Once the oven and dough are ready, place the dough, while still on parchment paper, in a Dutch oven and place in the oven. Turn the oven down to 475 degrees after putting the dough in the oven, and cook for 25 minutes. I know how tempting it is to peak, as we had to hold ourselves back! After 25 minutes, take the lid off and let it cook for another 15 minutes. After all of this, you finally have sourdough!
We wanted to share our creation with family and friends the moment we cut into it.

“Being a witness through their process and being able to finally taste the final product, it was better than anything you can get from the store knowing that the girls made it with love and determination,” Natalie Bruening, Teddie’s mother, said.
It may have taken us about 4 weeks, but we finally did it, why go through all of this for a delicious piece of bread?
The art of sourdough is not only a fun process to create, but it has several benefits for your health. It follows the process of fermentation, which boosts flavor and digestion. Compared to regular white bread, sourdough is much easier for your body to break down and digest due to the production of an enzyme called phytase. This makes carbohydrates and proteins easier to break down and can even lead to a stronger, healthier digestive system. Although this may seem too complex or overwhelming, with only 2 simple ingredients for a starter–water and flour, anyone and everyone can try it at home.
It is gut-healthy and contains a large variety of vitamins and nutrients that your body needs to take in.

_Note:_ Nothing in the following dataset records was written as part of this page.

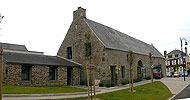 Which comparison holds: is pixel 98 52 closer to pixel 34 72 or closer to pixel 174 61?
pixel 34 72

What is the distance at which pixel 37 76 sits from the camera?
17875 millimetres

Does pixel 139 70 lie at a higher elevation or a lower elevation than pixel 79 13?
lower

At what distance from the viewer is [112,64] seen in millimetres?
22188

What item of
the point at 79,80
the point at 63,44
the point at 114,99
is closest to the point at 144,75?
the point at 79,80

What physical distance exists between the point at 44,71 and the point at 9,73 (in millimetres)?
3681

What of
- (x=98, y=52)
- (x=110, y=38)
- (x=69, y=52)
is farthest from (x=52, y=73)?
(x=110, y=38)

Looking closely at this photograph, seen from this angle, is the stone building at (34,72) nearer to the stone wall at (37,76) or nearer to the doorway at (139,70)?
the stone wall at (37,76)

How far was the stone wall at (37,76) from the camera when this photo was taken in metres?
15.8

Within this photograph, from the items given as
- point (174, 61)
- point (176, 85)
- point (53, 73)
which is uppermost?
point (174, 61)

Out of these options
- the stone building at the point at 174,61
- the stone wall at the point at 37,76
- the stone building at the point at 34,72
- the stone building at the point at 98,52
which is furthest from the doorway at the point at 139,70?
the stone building at the point at 174,61

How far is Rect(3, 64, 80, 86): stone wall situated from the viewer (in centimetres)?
1581

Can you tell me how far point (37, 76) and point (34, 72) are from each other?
1.77 feet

It ranges from iron, magnesium, phosphorus, calcium, vitamin E, and several more (you get the point so I won’t bore you and name the 10 others).
“So many foods are filled with added, unnecessary, dangerous ingredients these days and the same goes for bread,” Mohar said. “The closer we are to the source of our food the better it is for us. If I have the ability to make homemade loaves of bread, as well as tons of other grain-centered foods from my sourdough starter in my own kitchen–why would I not?”
This is absolutely true because, typically, bread that you would buy from the store, more often than not, has preservatives to maintain better shelf life. Thickeners, artificial colors, and high-fructose corn syrup are just a few of the ingredients you may find in store-bought bread that you most definitely won’t find in your homemade bread.
“Making my own food allows me to choose healthier options, save money, and enjoy the satisfaction of creating something myself,” Patton said, continuing the recurring theme of sourdough’s healthier nature, of helping save money and gaining valuable experiences. We had our ups and downs, but overall, once the end product came together, it was a great mix of satisfaction and excitement.
Next time you are bored and don’t want to keep scrolling on social media, go to your kitchen and make sourdough! You probably have water, flour, and a jar at home, so join the process and try it out. If it all works out accordingly and you properly store and feed it, you can use the same starter indefinitely.